Problem requirements: From the records below, please print only the lines from the one containing "Really Good Stuff" through the one containing "Quadratic Function", both included. Skip the pictures.

Data section:

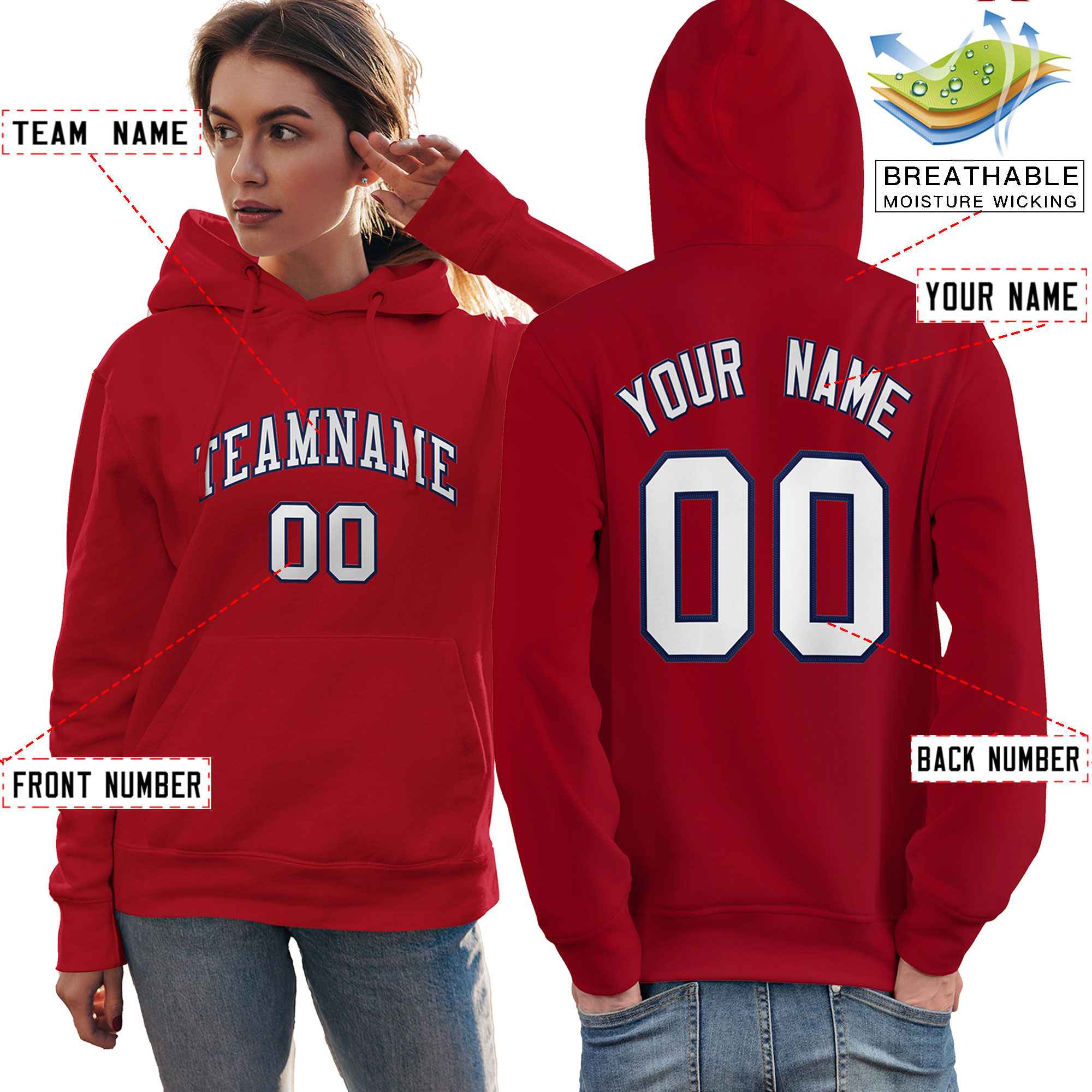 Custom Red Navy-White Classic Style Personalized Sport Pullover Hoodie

---

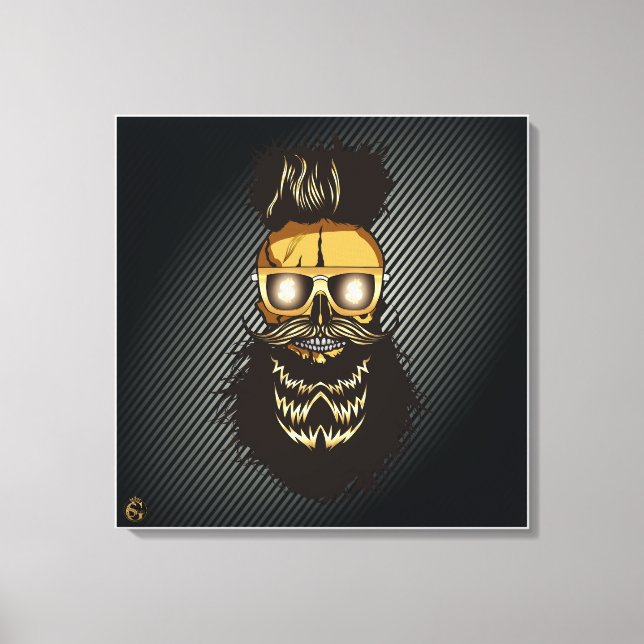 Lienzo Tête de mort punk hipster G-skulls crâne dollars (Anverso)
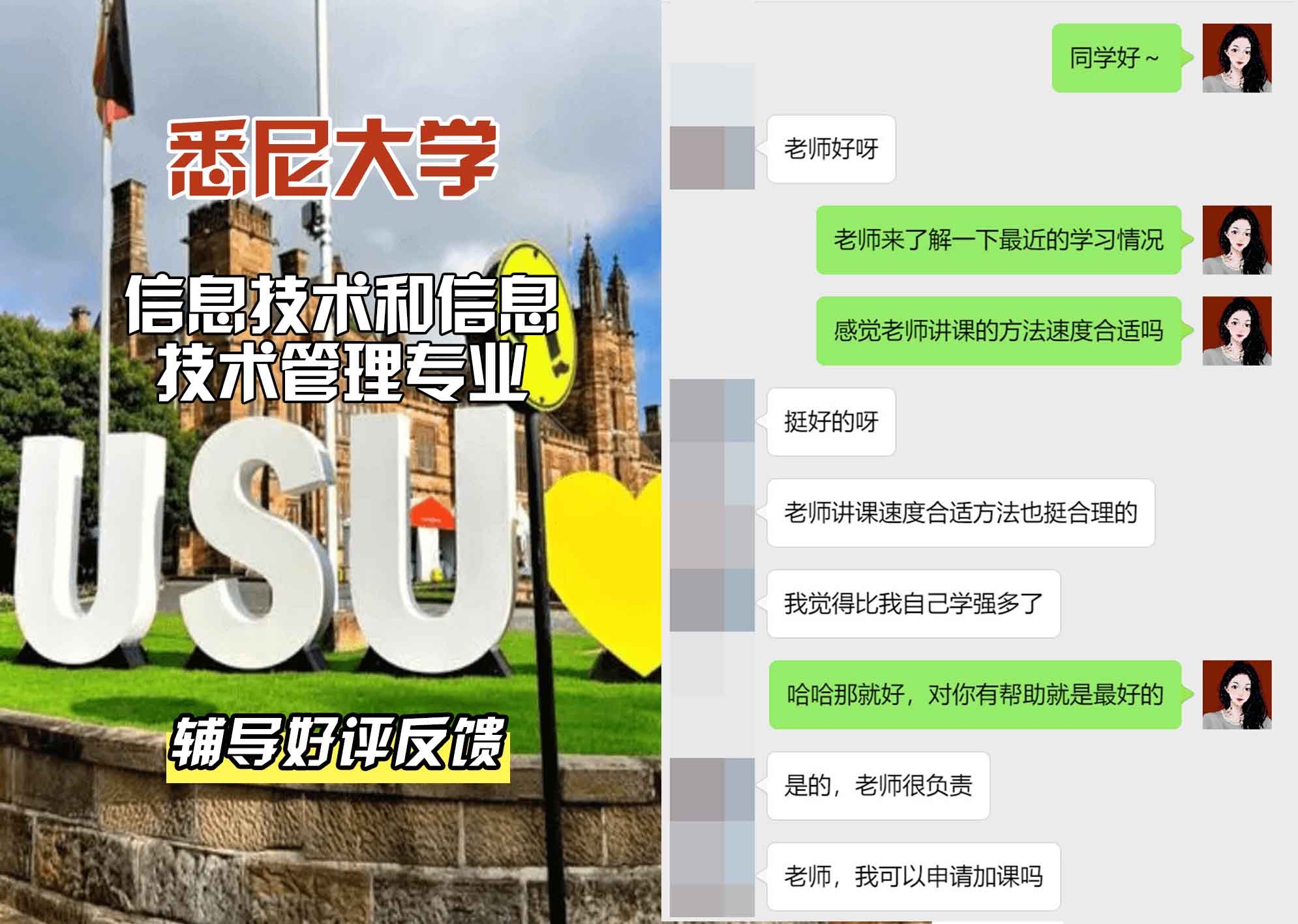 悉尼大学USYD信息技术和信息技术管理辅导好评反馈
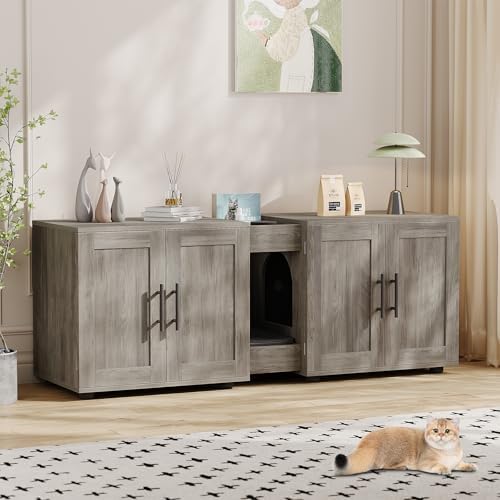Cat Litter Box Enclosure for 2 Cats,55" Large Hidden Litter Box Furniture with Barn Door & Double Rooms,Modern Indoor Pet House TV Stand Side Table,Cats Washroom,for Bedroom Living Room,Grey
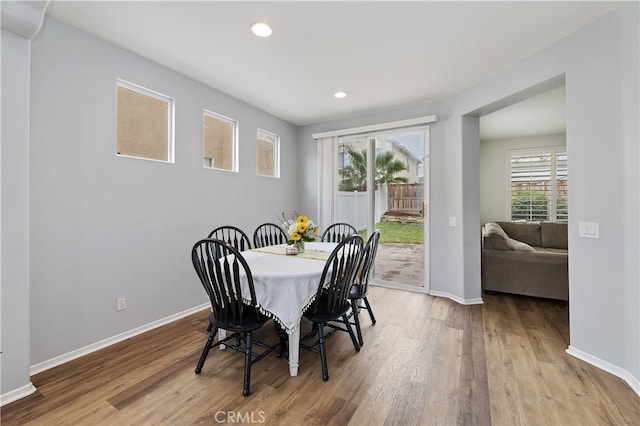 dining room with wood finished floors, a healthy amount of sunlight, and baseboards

* * *

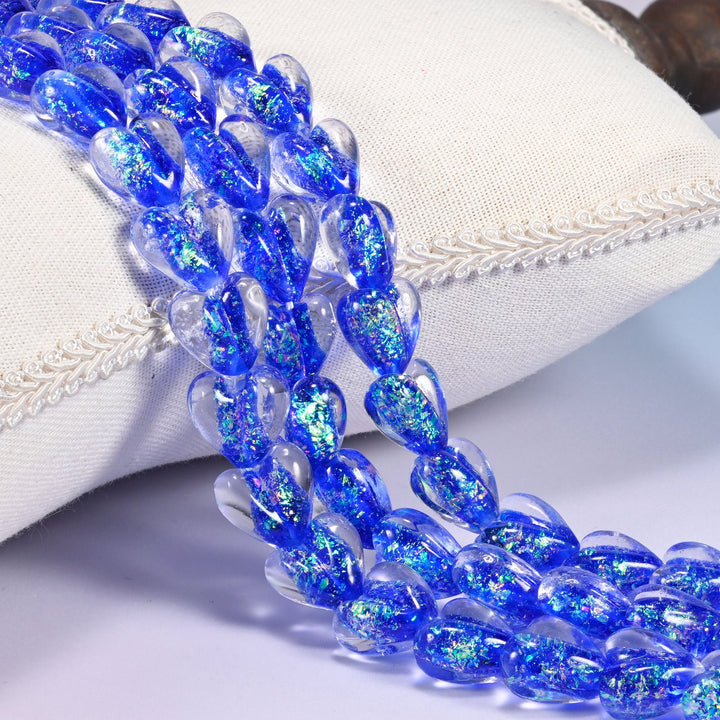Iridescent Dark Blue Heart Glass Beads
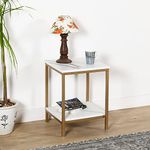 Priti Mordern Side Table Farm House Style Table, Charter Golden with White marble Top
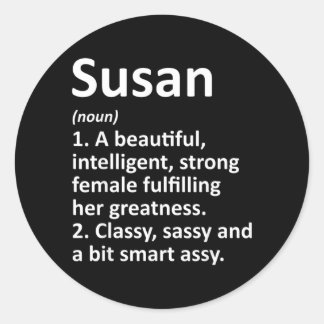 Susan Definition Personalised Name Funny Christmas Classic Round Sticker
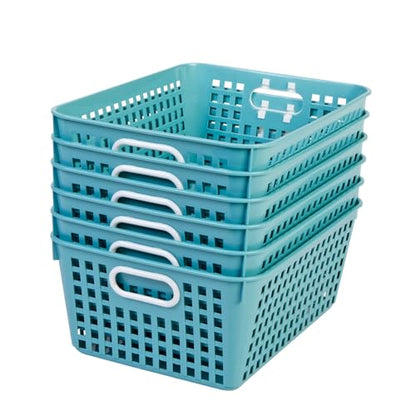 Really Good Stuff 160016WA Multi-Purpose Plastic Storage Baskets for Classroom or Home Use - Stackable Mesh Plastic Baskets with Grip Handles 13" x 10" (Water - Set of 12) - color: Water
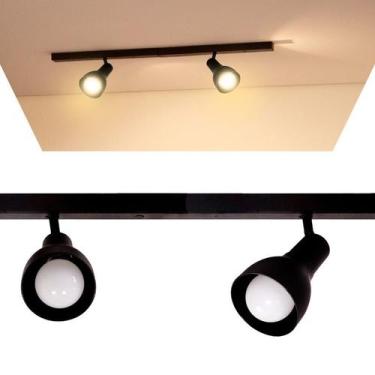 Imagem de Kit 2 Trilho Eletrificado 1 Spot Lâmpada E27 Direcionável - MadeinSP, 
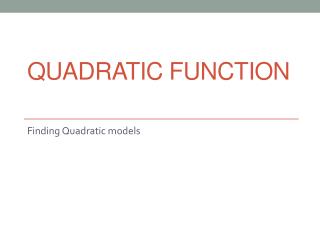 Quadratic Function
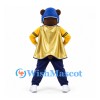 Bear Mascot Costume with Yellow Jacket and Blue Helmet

Answer below:
 Really Good Stuff 160016WA Multi-Purpose Plastic Storage Baskets for Classroom or Home Use - Stackable Mesh Plastic Baskets with Grip Handles 13" x 10" (Water - Set of 12) - color: Water
 Imagem de Kit 2 Trilho Eletrificado 1 Spot Lâmpada E27 Direcionável - MadeinSP, 
 Quadratic Function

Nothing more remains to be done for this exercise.